● Problem to work on:
The expected answer is every line of the material, reproduced exactly.

● Source material:
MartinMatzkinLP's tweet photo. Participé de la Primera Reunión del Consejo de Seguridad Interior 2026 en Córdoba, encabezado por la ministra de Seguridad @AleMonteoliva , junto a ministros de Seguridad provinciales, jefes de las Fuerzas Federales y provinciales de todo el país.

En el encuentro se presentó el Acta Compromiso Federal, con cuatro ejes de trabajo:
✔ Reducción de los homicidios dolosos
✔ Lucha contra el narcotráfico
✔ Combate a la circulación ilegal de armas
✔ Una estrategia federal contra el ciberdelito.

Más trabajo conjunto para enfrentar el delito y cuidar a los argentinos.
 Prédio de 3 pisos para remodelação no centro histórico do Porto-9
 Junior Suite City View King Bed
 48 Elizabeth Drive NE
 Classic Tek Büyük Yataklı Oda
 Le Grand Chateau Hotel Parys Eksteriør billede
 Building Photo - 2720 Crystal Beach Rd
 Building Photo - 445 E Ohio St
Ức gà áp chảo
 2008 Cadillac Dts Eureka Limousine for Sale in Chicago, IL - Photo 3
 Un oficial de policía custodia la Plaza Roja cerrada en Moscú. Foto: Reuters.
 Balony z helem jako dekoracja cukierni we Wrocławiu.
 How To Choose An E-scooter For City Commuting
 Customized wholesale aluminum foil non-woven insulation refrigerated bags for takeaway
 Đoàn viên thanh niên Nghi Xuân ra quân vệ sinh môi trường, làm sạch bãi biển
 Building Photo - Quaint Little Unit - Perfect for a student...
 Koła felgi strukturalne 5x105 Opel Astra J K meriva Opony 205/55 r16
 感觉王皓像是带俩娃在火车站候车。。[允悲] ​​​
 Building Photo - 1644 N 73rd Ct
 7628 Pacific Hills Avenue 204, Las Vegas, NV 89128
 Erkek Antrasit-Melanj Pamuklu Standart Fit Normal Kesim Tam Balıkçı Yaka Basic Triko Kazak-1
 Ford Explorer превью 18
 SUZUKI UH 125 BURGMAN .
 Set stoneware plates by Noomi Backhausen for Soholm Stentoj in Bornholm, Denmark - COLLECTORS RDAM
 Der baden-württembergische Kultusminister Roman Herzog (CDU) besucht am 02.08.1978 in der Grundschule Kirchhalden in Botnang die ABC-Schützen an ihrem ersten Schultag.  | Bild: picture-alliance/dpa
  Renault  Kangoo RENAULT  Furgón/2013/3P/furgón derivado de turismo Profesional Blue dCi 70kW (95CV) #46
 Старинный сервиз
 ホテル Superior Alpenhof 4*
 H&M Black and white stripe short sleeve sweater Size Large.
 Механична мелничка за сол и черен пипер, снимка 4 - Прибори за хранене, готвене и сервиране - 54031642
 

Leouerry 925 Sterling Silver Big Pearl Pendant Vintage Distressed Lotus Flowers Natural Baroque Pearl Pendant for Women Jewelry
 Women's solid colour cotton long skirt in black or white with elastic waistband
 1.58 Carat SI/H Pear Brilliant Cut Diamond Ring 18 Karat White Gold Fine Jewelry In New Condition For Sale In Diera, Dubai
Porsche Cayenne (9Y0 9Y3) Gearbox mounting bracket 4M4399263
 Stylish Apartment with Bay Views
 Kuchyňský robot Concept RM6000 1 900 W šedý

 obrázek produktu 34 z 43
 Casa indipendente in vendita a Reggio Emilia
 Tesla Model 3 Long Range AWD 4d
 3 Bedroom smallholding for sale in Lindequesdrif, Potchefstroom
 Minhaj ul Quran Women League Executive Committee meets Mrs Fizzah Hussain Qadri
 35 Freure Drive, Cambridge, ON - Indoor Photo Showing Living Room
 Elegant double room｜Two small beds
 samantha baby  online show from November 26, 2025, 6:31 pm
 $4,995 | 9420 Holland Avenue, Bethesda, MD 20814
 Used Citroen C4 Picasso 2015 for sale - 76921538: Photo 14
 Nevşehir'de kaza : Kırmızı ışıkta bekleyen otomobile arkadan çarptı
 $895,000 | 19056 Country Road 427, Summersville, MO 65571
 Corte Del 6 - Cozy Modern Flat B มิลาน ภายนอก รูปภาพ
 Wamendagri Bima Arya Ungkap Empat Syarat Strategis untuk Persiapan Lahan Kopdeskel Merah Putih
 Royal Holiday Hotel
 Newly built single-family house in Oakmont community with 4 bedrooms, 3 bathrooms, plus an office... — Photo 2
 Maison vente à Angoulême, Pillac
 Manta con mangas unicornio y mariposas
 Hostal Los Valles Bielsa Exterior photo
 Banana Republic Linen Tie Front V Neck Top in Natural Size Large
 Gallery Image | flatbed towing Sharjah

● Answer section:
MartinMatzkinLP's tweet photo. Participé de la Primera Reunión del Consejo de Seguridad Interior 2026 en Córdoba, encabezado por la ministra de Seguridad @AleMonteoliva , junto a ministros de Seguridad provinciales, jefes de las Fuerzas Federales y provinciales de todo el país.

En el encuentro se presentó el Acta Compromiso Federal, con cuatro ejes de trabajo:
✔ Reducción de los homicidios dolosos
✔ Lucha contra el narcotráfico
✔ Combate a la circulación ilegal de armas
✔ Una estrategia federal contra el ciberdelito.

Más trabajo conjunto para enfrentar el delito y cuidar a los argentinos.
 Prédio de 3 pisos para remodelação no centro histórico do Porto-9
 Junior Suite City View King Bed
 48 Elizabeth Drive NE
 Classic Tek Büyük Yataklı Oda
 Le Grand Chateau Hotel Parys Eksteriør billede
 Building Photo - 2720 Crystal Beach Rd
 Building Photo - 445 E Ohio St
Ức gà áp chảo
 2008 Cadillac Dts Eureka Limousine for Sale in Chicago, IL - Photo 3
 Un oficial de policía custodia la Plaza Roja cerrada en Moscú. Foto: Reuters.
 Balony z helem jako dekoracja cukierni we Wrocławiu.
 How To Choose An E-scooter For City Commuting
 Customized wholesale aluminum foil non-woven insulation refrigerated bags for takeaway
 Đoàn viên thanh niên Nghi Xuân ra quân vệ sinh môi trường, làm sạch bãi biển
 Building Photo - Quaint Little Unit - Perfect for a student...
 Koła felgi strukturalne 5x105 Opel Astra J K meriva Opony 205/55 r16
 感觉王皓像是带俩娃在火车站候车。。[允悲] ​​​
 Building Photo - 1644 N 73rd Ct
 7628 Pacific Hills Avenue 204, Las Vegas, NV 89128
 Erkek Antrasit-Melanj Pamuklu Standart Fit Normal Kesim Tam Balıkçı Yaka Basic Triko Kazak-1
 Ford Explorer превью 18
 SUZUKI UH 125 BURGMAN .
 Set stoneware plates by Noomi Backhausen for Soholm Stentoj in Bornholm, Denmark - COLLECTORS RDAM
 Der baden-württembergische Kultusminister Roman Herzog (CDU) besucht am 02.08.1978 in der Grundschule Kirchhalden in Botnang die ABC-Schützen an ihrem ersten Schultag.  | Bild: picture-alliance/dpa
  Renault  Kangoo RENAULT  Furgón/2013/3P/furgón derivado de turismo Profesional Blue dCi 70kW (95CV) #46
 Старинный сервиз
 ホテル Superior Alpenhof 4*
 H&M Black and white stripe short sleeve sweater Size Large.
 Механична мелничка за сол и черен пипер, снимка 4 - Прибори за хранене, готвене и сервиране - 54031642
 

Leouerry 925 Sterling Silver Big Pearl Pendant Vintage Distressed Lotus Flowers Natural Baroque Pearl Pendant for Women Jewelry
 Women's solid colour cotton long skirt in black or white with elastic waistband
 1.58 Carat SI/H Pear Brilliant Cut Diamond Ring 18 Karat White Gold Fine Jewelry In New Condition For Sale In Diera, Dubai
Porsche Cayenne (9Y0 9Y3) Gearbox mounting bracket 4M4399263
 Stylish Apartment with Bay Views
 Kuchyňský robot Concept RM6000 1 900 W šedý

 obrázek produktu 34 z 43
 Casa indipendente in vendita a Reggio Emilia
 Tesla Model 3 Long Range AWD 4d
 3 Bedroom smallholding for sale in Lindequesdrif, Potchefstroom
 Minhaj ul Quran Women League Executive Committee meets Mrs Fizzah Hussain Qadri
 35 Freure Drive, Cambridge, ON - Indoor Photo Showing Living Room
 Elegant double room｜Two small beds
 samantha baby  online show from November 26, 2025, 6:31 pm
 $4,995 | 9420 Holland Avenue, Bethesda, MD 20814
 Used Citroen C4 Picasso 2015 for sale - 76921538: Photo 14
 Nevşehir'de kaza : Kırmızı ışıkta bekleyen otomobile arkadan çarptı
 $895,000 | 19056 Country Road 427, Summersville, MO 65571
 Corte Del 6 - Cozy Modern Flat B มิลาน ภายนอก รูปภาพ
 Wamendagri Bima Arya Ungkap Empat Syarat Strategis untuk Persiapan Lahan Kopdeskel Merah Putih
 Royal Holiday Hotel
 Newly built single-family house in Oakmont community with 4 bedrooms, 3 bathrooms, plus an office... — Photo 2
 Maison vente à Angoulême, Pillac
 Manta con mangas unicornio y mariposas
 Hostal Los Valles Bielsa Exterior photo
 Banana Republic Linen Tie Front V Neck Top in Natural Size Large
 Gallery Image | flatbed towing Sharjah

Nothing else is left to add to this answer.